La Côte d’Ivoire ne déborde pas d’enthousiasme. A Abidjan, l’ambassadeur de France annonce au président Félix Houphouët-Boigny, le 18 mai, qu’un avion français doit atterrir à la base de Port-Bouët pour y prendre des militaires attendus au Zaïre. « Le Vieux » lui répond de façon sibylline : « A l’aéroport de Port-Bouët, on est très heureux d’accueillir des avions militaires français ». Cet ami de la France, fidèle parmi les fidèles, se gardera toutefois d’envoyer des militaires au Zaïre, se contentant d’y dépêcher des médecins et infirmiers.

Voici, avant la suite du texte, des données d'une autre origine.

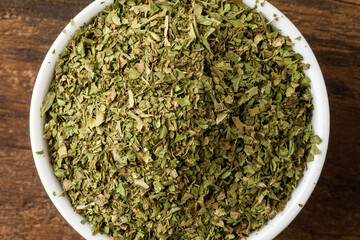 Lovage leaves in bowl on rustic wooden table. Top view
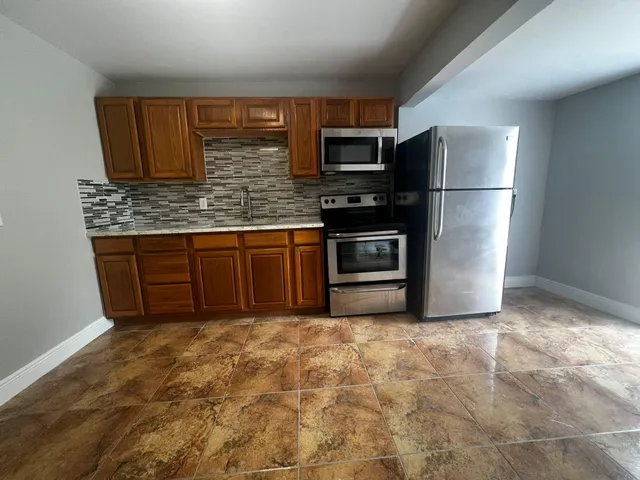 a kitchen with stainless steel appliances granite countertop a refrigerator stove and microwave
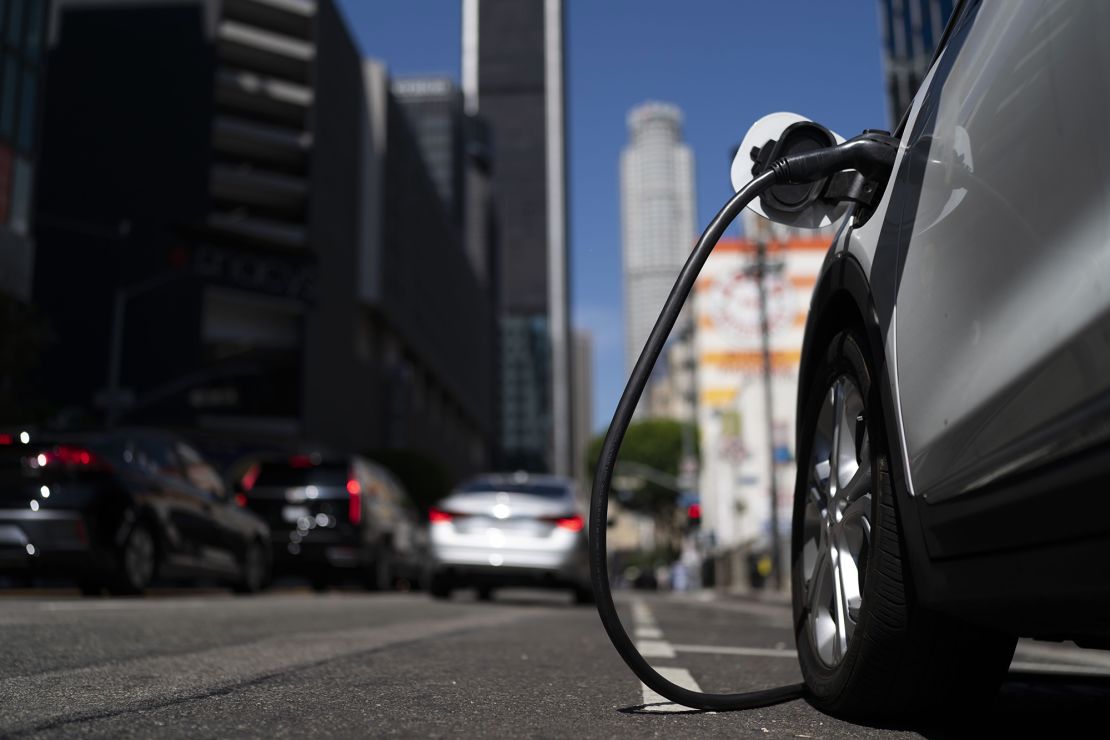 An electric vehicle is plugged into a charger in Los Angeles in August 2022. 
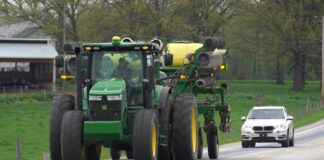 A tractor pulling a planter drives on a road with a car following closely behind it.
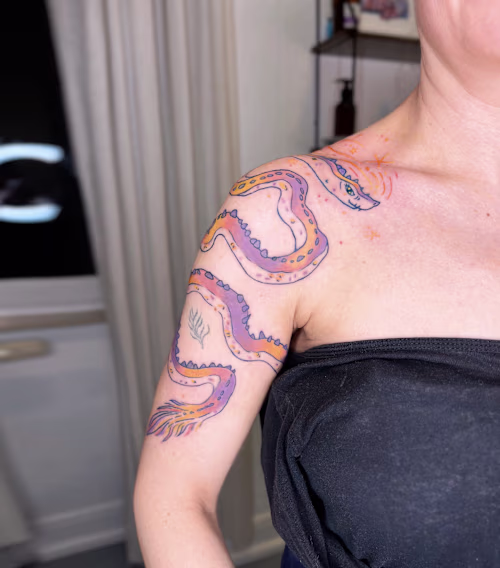 Free Spirit — Colorful Dragon Tattoo This tattoo tells the s...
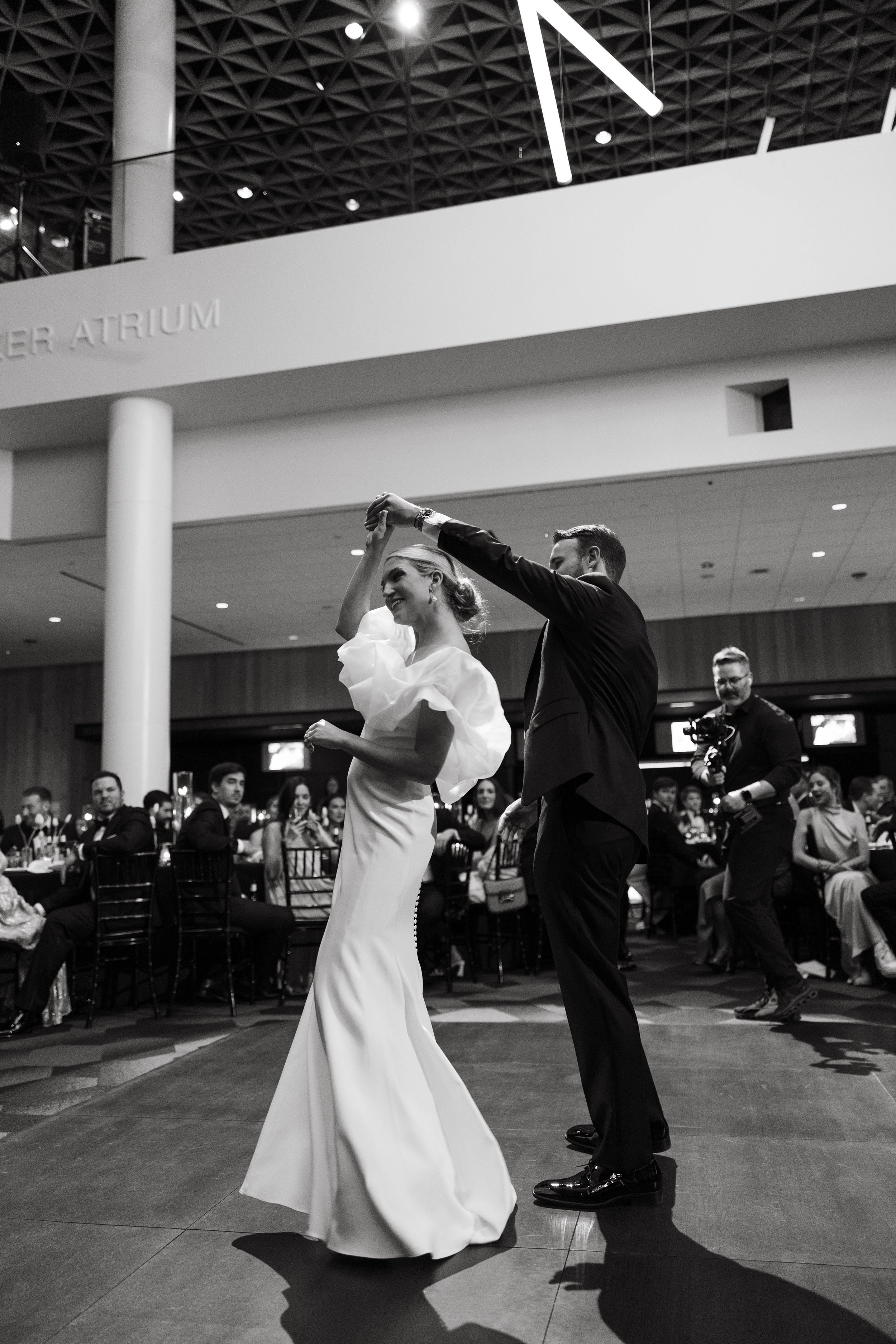 Black and white photo of a bride and groom dancing at their wedding reception with guests seated around them, in an indoor venue.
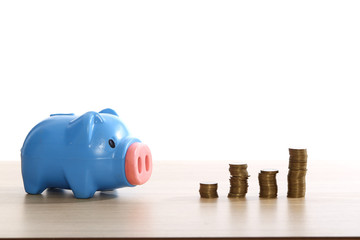 Plastic blue piggy bank with coins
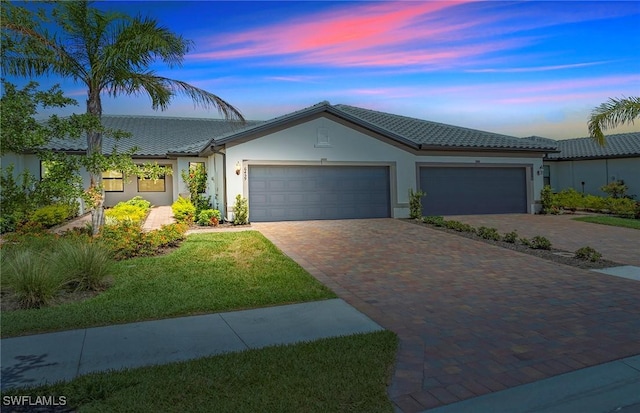 6459 Memorial Ln, Ave Maria, FL 34142 - view of front of house with decorative driveway, a garage, stucco siding, a tiled roof, and a front yard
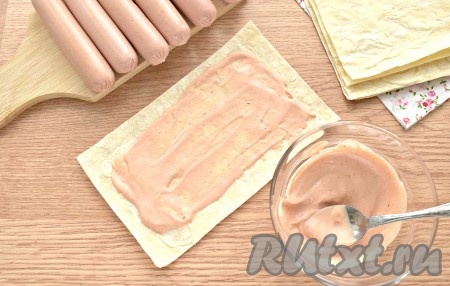 Майонез смешиваем с томатным кетчупом и получившимся соусом смазываем заготовки из лаваша, отступая от краёв по 1 см.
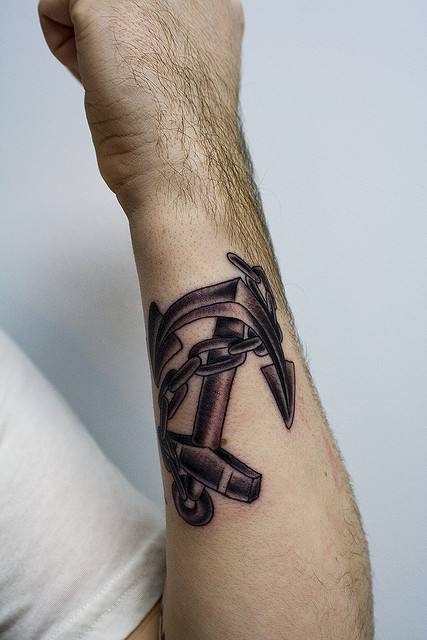 Black Ink Anchor With Chain Tattoo On Forearm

Plusieurs capitales africaines, y compris « progressistes », reconnaissent au Zaïre le droit de faire appel à des forces étrangères, à plus forte raison si elles sont africaines. C’est la position du Ghana, qui souligne, cependant, que ces interventions étrangères doivent être de courte durée. Tant pis si elles ne correspondent en rien à la défense commune que l’ex-président Kwame Nkrumah appelait de ses vœux dès le début des années 1960.

Même le Mozambique, pourtant marxiste, n’est pas hostile à cette initiative franco-africaine. C’est le sauvetage des seuls « Blancs » ou « Européens » qu’un responsable mozambicain reprochera plutôt à Paul Blanc, ambassadeur de France à Maputo.

Ne se laissant pas démonter, le diplomate répliquera que les soldats français ont sauvé « ceux qui étaient menacés de massacre et pouvaient être rapatriés » par des « envahisseurs, racistes eux-mêmes (qui) s’acharnaient d’abord sur les Blancs ». Les Zaïrois, ajoutera-t-il, « ne pouvaient, du reste, être "rapatriés" nulle part. »

Un premier bilan mortel, publié par le Comité international de la Croix-Rouge, à l'issue de la bataille de Kolwezi, en juin 1978, fera état de 855 morts à Kolwezi, dont 136 Européens.